Embeddings can be used as feature vectors supplied as an input to all kinds of classification models. The learned classes can fill the gaps in our knowledge about the properties of the objects.

#### Evaluating link predictions using MRR/Hits10

This process is described in the paper — “Learning Structured Embeddings of Knowledge Bases” and later was used as the way to measure the quality of embedding models in many other papers including Facebook PBG.

The algorithm takes a subset of test edges and performs the following:

- Corrupt the edge by replacing the beginning or end of the edge with a negatively sampled edge.
- Train the model on a partially corrupted dataset
- Calculate aggregate MRR and Hits10 metrics for the edges from the test dataset.

#### Mean reciprocal rank

MRR or Mean reciprocal rank is a measure of search quality. We take an uncorrupted node and find the “nearest neighbors” with distance defined as the similarity score. We rank the nearest neighbors by the similarity score and expect that the node, which was connected, would appear on top of the ranking. MRR decreases the accuracy score in case the node is not raked on top.

The alternative measure is Hits10, where we expect the corrupted node to appear in the top 10 nearest neighbors.

PBG paper shows that on many data sets the MRR metrics gradually increases as we allocate the resources into training. Parallelism does not affect the quality of ranking to a point but saves tremendous amounts of time.

Further evaluation can be performed by simply exploring and visualizing the graphs.
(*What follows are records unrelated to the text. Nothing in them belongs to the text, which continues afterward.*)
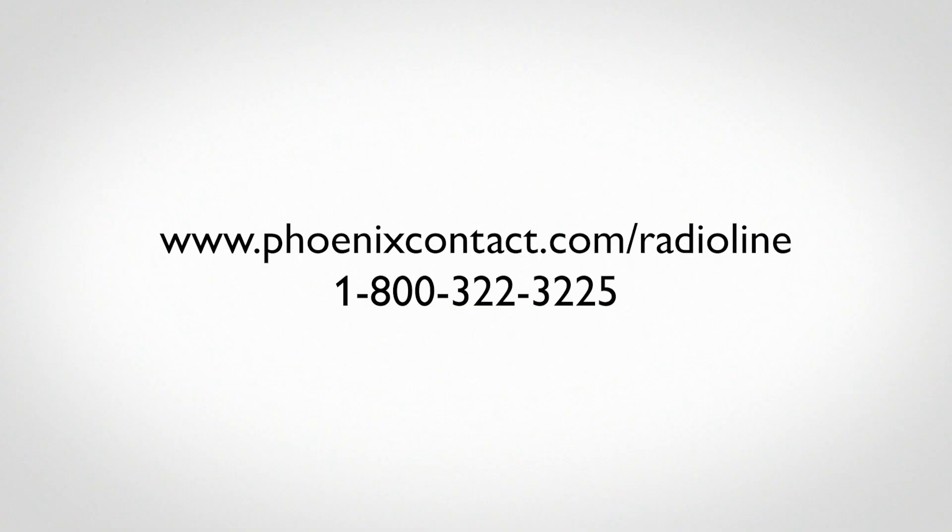For details on how to configure the Outdoor Radioline unit in a point-to-multipoint setup and other advanced configuration options, please visit phoenixcontact.com/radioline.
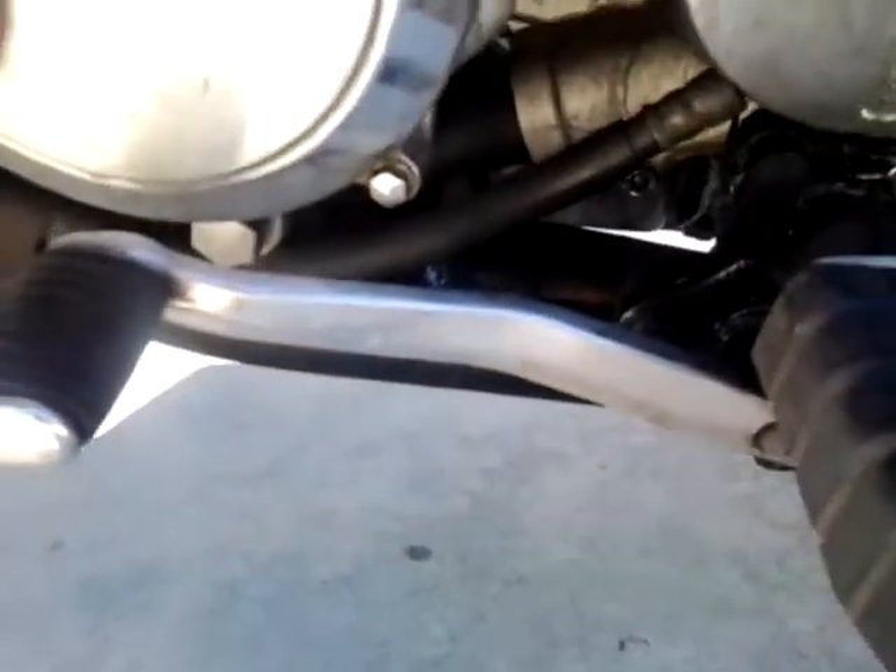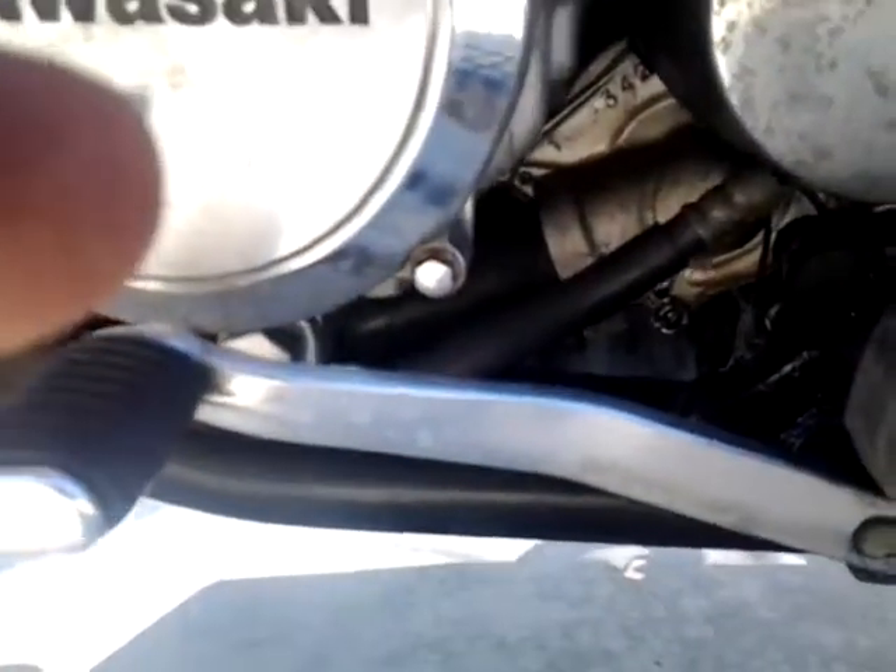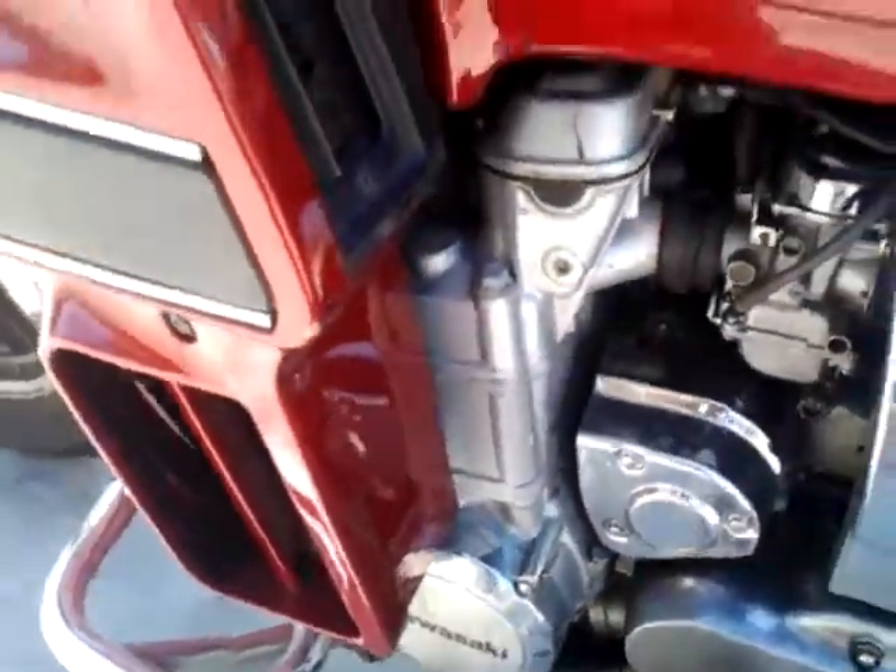Small oil leak, like I said, from the water pump seal — just needs to be replaced. I do have the seals.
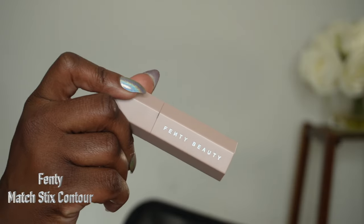Now I'm going in with contour, which is used to sculpt and add definition to the face. You can use it underneath your cheekbone, your forehead, your nose, or your jawline to define its shape. I know I look a little crazy but trust the process here.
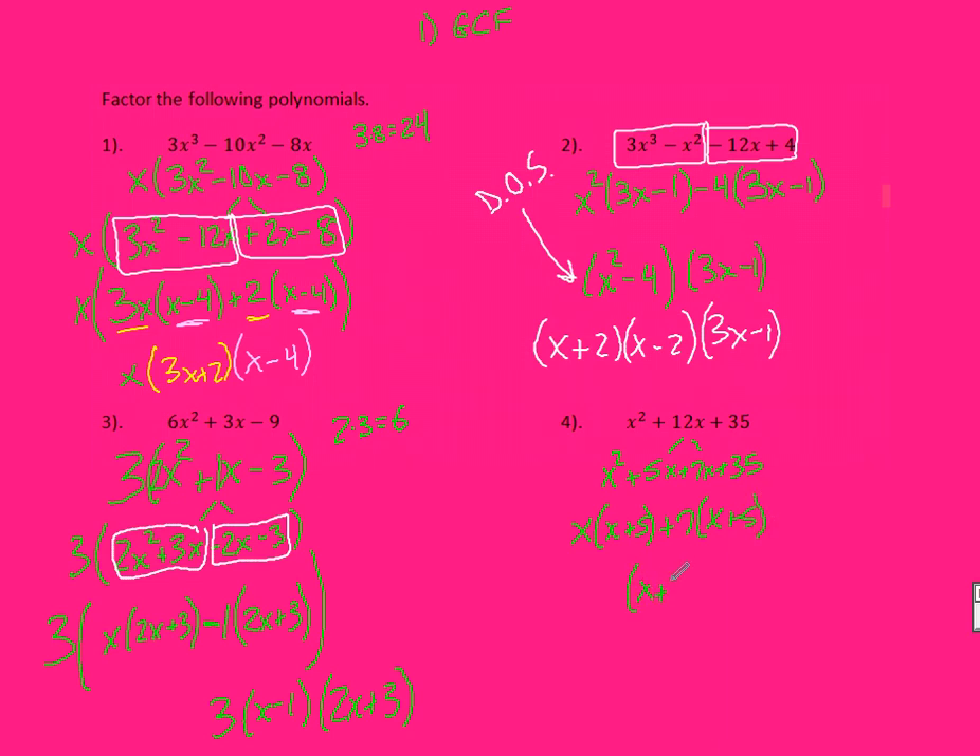Now the shortcut here: if it's a trinomial with a 1 out in front, I can just say factors of 35 that add to 12. All I have to do is put two sets of parentheses with an X in each. My factors were 7 and 5. To make 7 and 5 add up to positive 12, both must be positive. So this shortcut works, but only if that initial coefficient is 1.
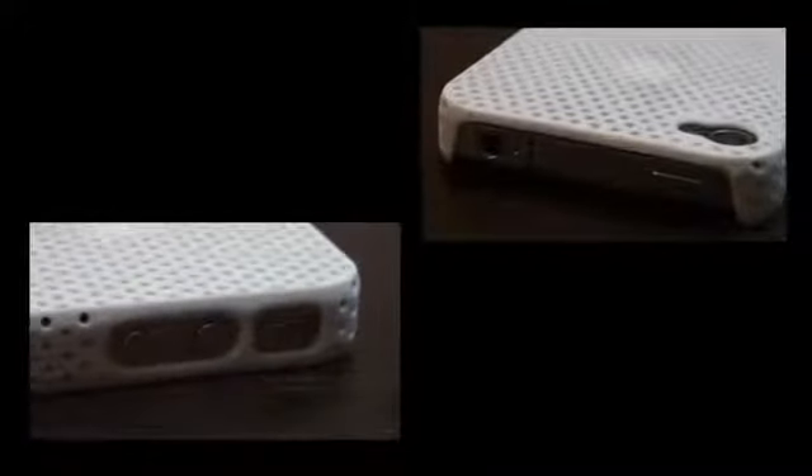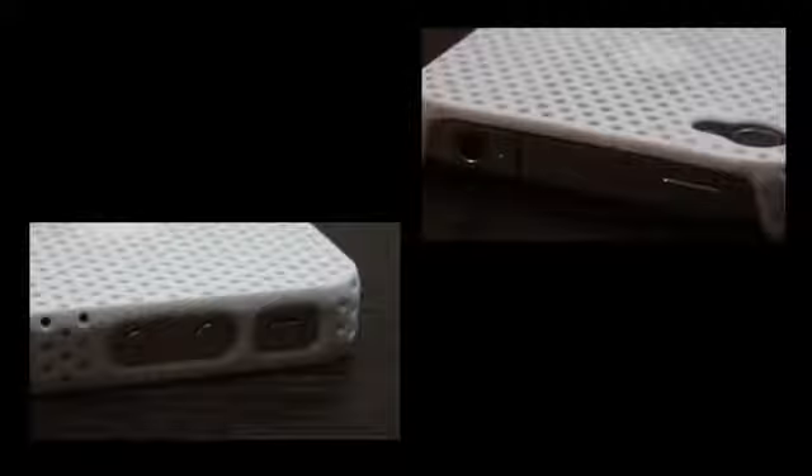This texture and soft touch provides a good grip. Once the iPhone is installed, all cutouts will align properly and there's even a lay-on-the-table design.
The image above is a 2d projection of the embeddings built from the Freebase knowledge graph. As we can see, similar nodes are grouped together. Countries, numbers, scientific journals professions seem to have clusters even on the carefully prepared 2d projection.
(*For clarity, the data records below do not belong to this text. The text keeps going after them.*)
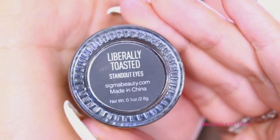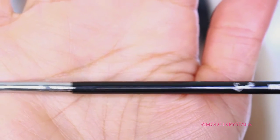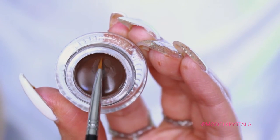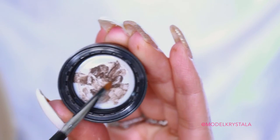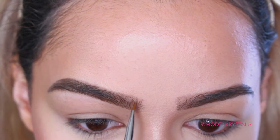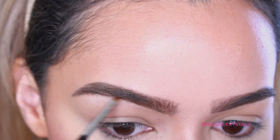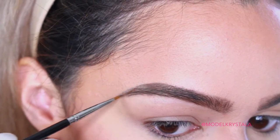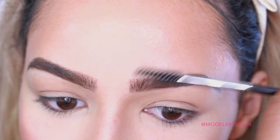Next, I'm taking the Sigma Standout Eyes Gel Liner in the shade Liberally Toasted, which is a deep brown shade, using my Sigma Winged Liner Brush — the E06 brush — to apply that. I'm going to be applying strokes of this product that mimic brow hairs, so using this small, thin brush is really important for that effect. I'm doing that in the front of my brow and in the sparse areas, then on the tail. Then I'm going in with a spoolie to brush it out so it blends in nicely and doesn't look too harsh.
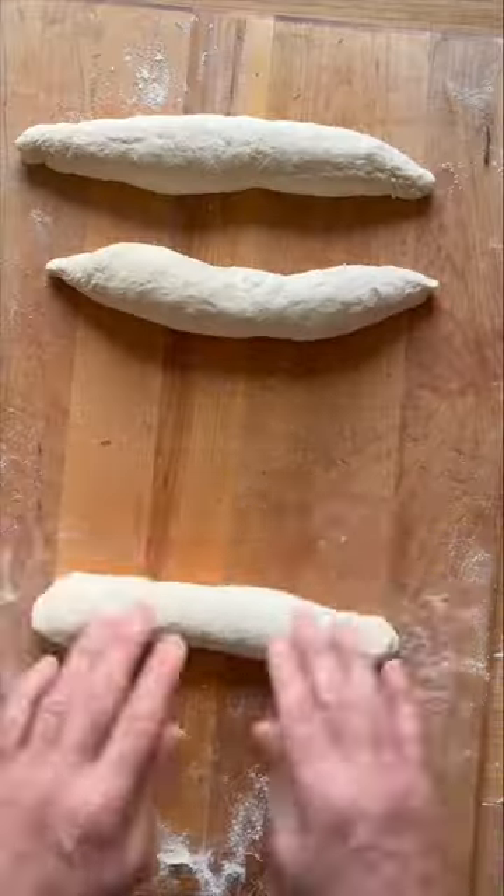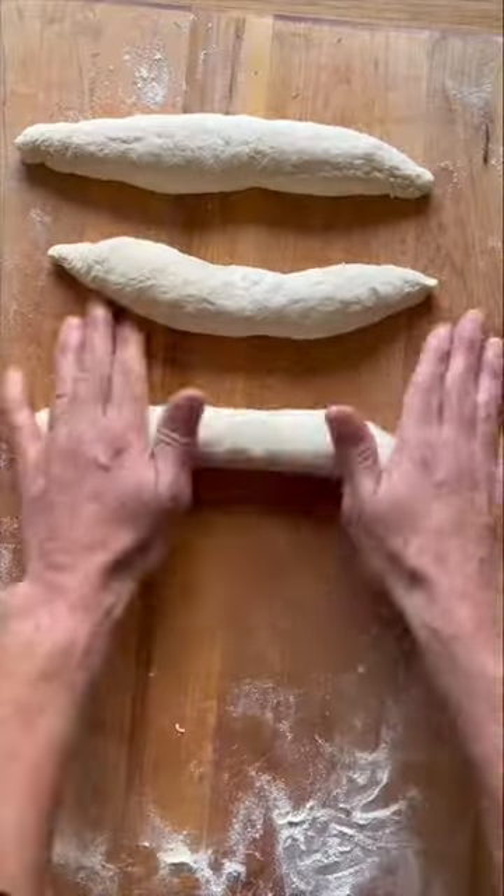Next, we're going to roll them out. Press and roll from the center to the edge, just like this.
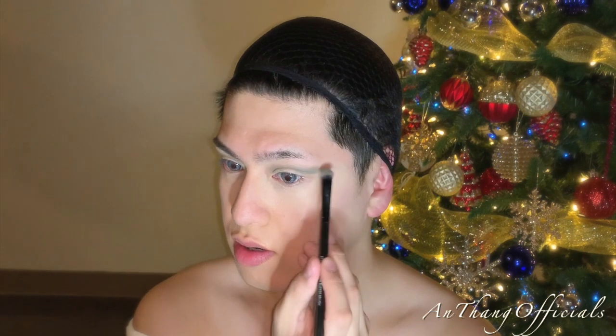I'm pretty much blending and blending and blending — you know, the usual with makeup. Then with the darker green I'm going to define that crease, and I'm going to draw a V on the outer part of my eyes to help sharpen out that look. Build the intensity until you are satisfied.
### Limitations of the knowledge graph models.

Knowledge graphs as described above represents a static snapshot of our knowledge. It does not reflect the process of it’s how the knowledge built up. In the real world, we learn by observing temporal patterns. While it’s possible to learn the similarity between nodes A and node B, it will be hard to see the similarity between node A and node C as it was 3 years ago.

For example, if we look at the forest for one day we will see the similarity between two large sequoia trees. Yet it will be hard to understand which sapling will grow into a large sequoia tree without long term observations of the forest.

Ideally, we need to explore the series of knowledge graphs built at different points in time and then build the embeddings, which will incorporate generational similarities.